Aber was war dann? Nach kurzen Lauf trat ein dröhnendes, ratterndes, zum davonrennen grausames Geräusch auf. Der Motor wurde sofort abgestellt und alle sahen sich entgeistert an. "Dieser undankbare D----s Motor!!!" wir drehten im Stillstand den Motor von Hand durch und konnten nichst aber auch garnichts feststellen.
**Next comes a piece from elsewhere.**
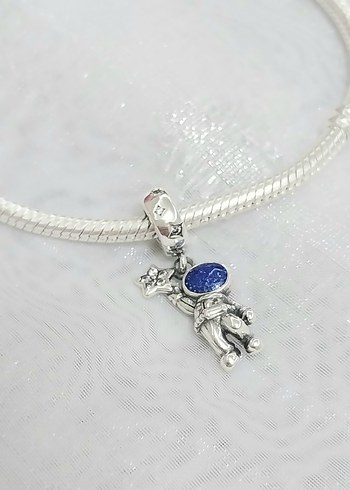 Pandora Uzaydaki Astronot Charm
Also nochmal starten... Der Sechzylinder lief sauber an und nach kurzer Zeit wieder "rrrrararararararararaarrar", oje oje oje.
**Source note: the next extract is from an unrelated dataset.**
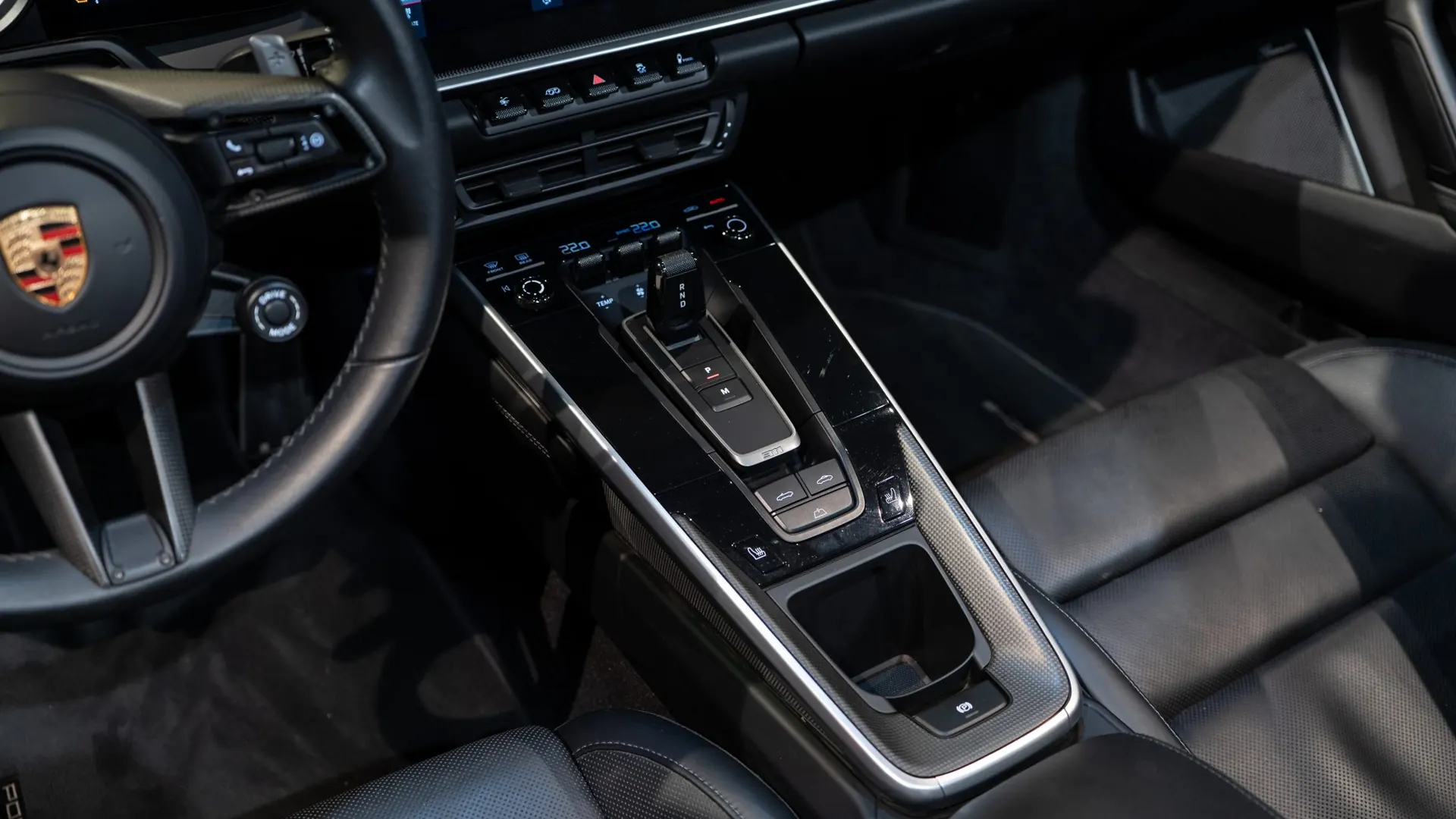 Porsche 911 — photo 25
Holger musste dann leider auch wieder weiter bemerkte jedoch, dass an der Position wo er während des Laufes Stand von Wasser angespritzt wurde.

An dieser Position befand sich "nur" die Wasserpumpe des Ladeluftkühlers, also Kühlwasser ablassen und Rohrflansch abmontieren. Als wir dann an der Hutmutter des Schaufelrades wackelten wurde schnell klar, das die Lager der Pumpe vollkommen defekt sind und das Schaufelrad in Verbindung mit dem Pumpengehäuse das Horrorgeräusch verursacht hat. Nach Tausch der Pumpe war glücklierweise alles gut. Jetzt fehlen uns nur noch die neuen Glühkerzenadapter. Diese sind eine Eigenentwicvklung von uns und somit einzigartig. Sie ermöglichen es, dass in dieser Motor mit modernen Stabglühkerzen betrieben werden kann! Im April war es nun soweit und die Adapter fanden ihren Weg zu uns:

Bild 5 Glühkerzenadapter

 

Somit Stand "nur noch" ein letzter Schmerz an: Der Motor hatte im Lauf große Regelschwankungen in der Drehzahl. Nach einer geauen Analyse stellten wir fest, dass dies durch ein schwergängiges Pumpenelement in der Einspritzpumpe verursacht wird. Dies ist hoch gefährlich, da bei einem eventuellen vollständigen Festfressen des Elementes die Regelstange blockiert wird und man somit die Kontrolle über den Motor verliert! Als Opfer sollte Aggregat Nr3 diénen: Da dieses noch nicht restauriert ist haben wir dessen Einspritzpumpe abgebaut und an Aggregat 2 montiert. Siehe da: Die Drehzahlschwankungen waren weg:-)

Bild 6 Einspritzpumpe

 

Abschließend noch zwei Impressionen der Kopfmontage:

Bild 7 Kopfmontage

 

Bild 8 Montage der Kipphebelhauben

 

An dieser Stelle wollen wir uns ganz herzlich bei ALLEN bedanken, die dieses Projekt ermöglicht haben. Unser Grundsatz "Richtigkeit vor Schnelligkeit" hat sich bewährt. Wir freuen uns auf die nächsten Projekte.